Ufficialmente il posto era?
«Un
centro di detenzione per migrazione illegale. Ma in Libia non esiste un
governo capace di controllare l’intero territorio, in ogni zona prevale
una milizia diversa. Nessuno sapeva come andavano gestite queste
persone. Ognuna di loro cercava un modo per uscire. In genere provano a
partire. Se vengono fermate in mare – e se non muoiono in acqua –
ritornano in un centro del genere. Qui sta una particolarità della
Libia».
Quale differenza ha riscontrato rispetto ad altri Stati nei quali si concentrano flussi di profughi e migranti?
«Che
quanti raggiungono la Libia entrano in un circuito di sofferenza senza
fine. Vede, poco fa sono stata in Bangladesh: in un campo con migliaia
di profughi fuggiti dalla Birmania, tutti venivano da villaggi messi a
fuoco o erano sopravvissuti a stragi. La maggior parte delle donne era
stata violentata. Tante mogli erano state separate da mariti, molti
figli dai genitori. Dopo la fuga però questo non accadeva più. In Libia
per la gente che scappa da guerre, persecuzioni e miseria da altri Paesi
invece continua. Diventano merce».
Ha in mente un esempio?
«Una
mia paziente, moglie di un atleta. L’hanno rapita, portata in una casa
con altri sequestrati. È stata torturata affinché il marito pagasse. Se
non riescono ad ottenere soldi, trascorso qualche tempo le bande di
rapitori ritengono i prigionieri un peso, dunque li passano a un centro
di detenzione. E da lì i detenuti tentano di fuggire per partire dal
mare verso l’Europa. Con il rischio di tornare indietro».
Dal
primo al 31 gennaio, gli arrivi in Italia dalla Libia sono stati 3.143.

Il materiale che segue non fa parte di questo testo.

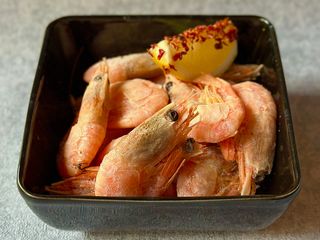 Креветки до пива варені (220г)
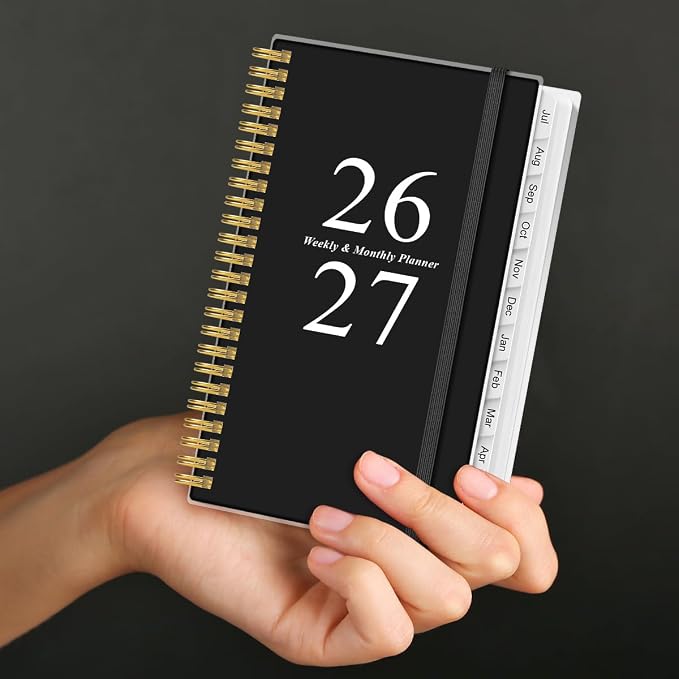 2026-2027 Pocket Planner/Calendar - Image 8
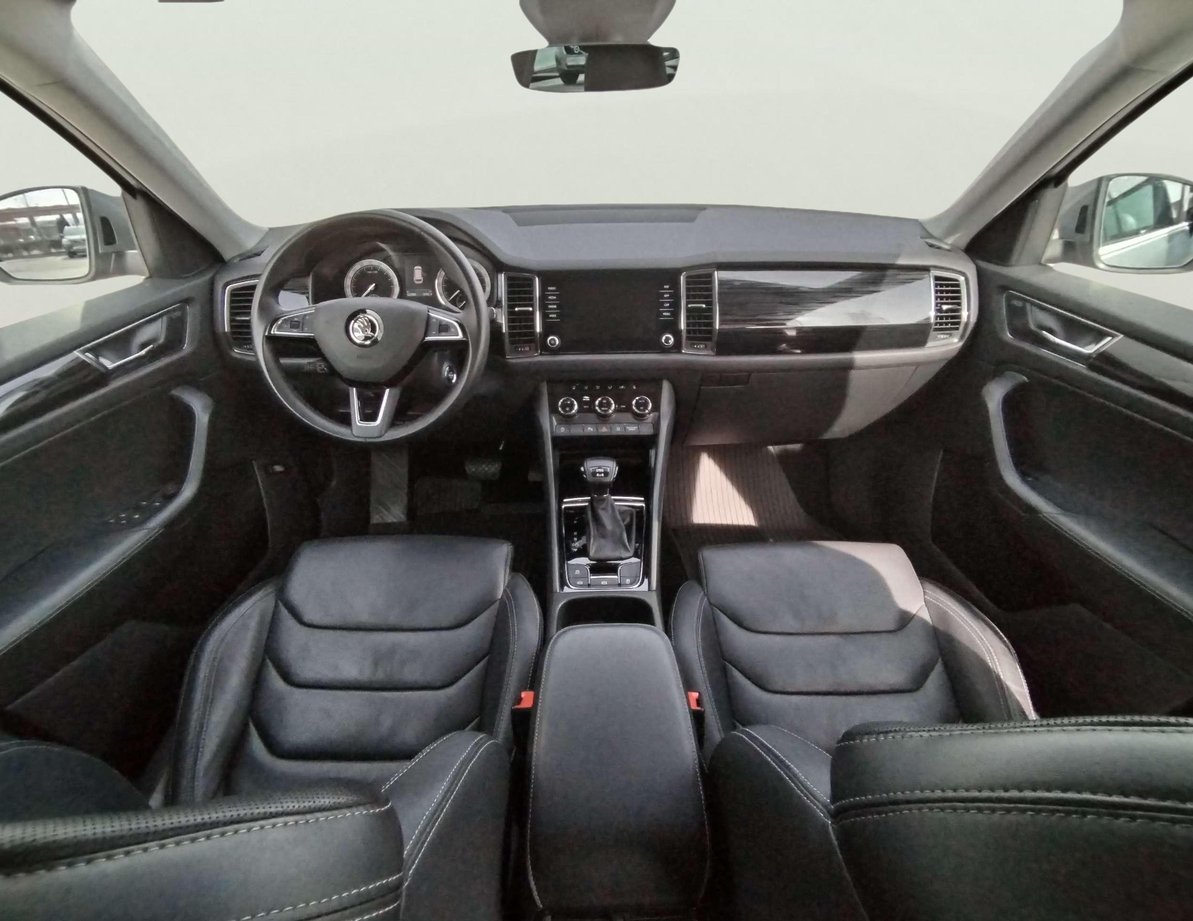 Skoda Kodiaq употребяван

Il 26,6% in meno rispetto ai 4.251 dell’anno precedente. Secondo chi ne
ha favorito il calo cambiando disposizioni per le navi nel Mediterraneo e
contribuendo a riattivare la Guardia costiera libica, come il ministro
dell’Interno Marco Minniti, se i flussi non fossero regolati potrebbero
aumentare intolleranza e xenofobia tra i cittadini italiani.
«Non ho commenti in materia. Io mi occupo di assistenza umanitaria. E in Libia il costo umano è troppo alto ».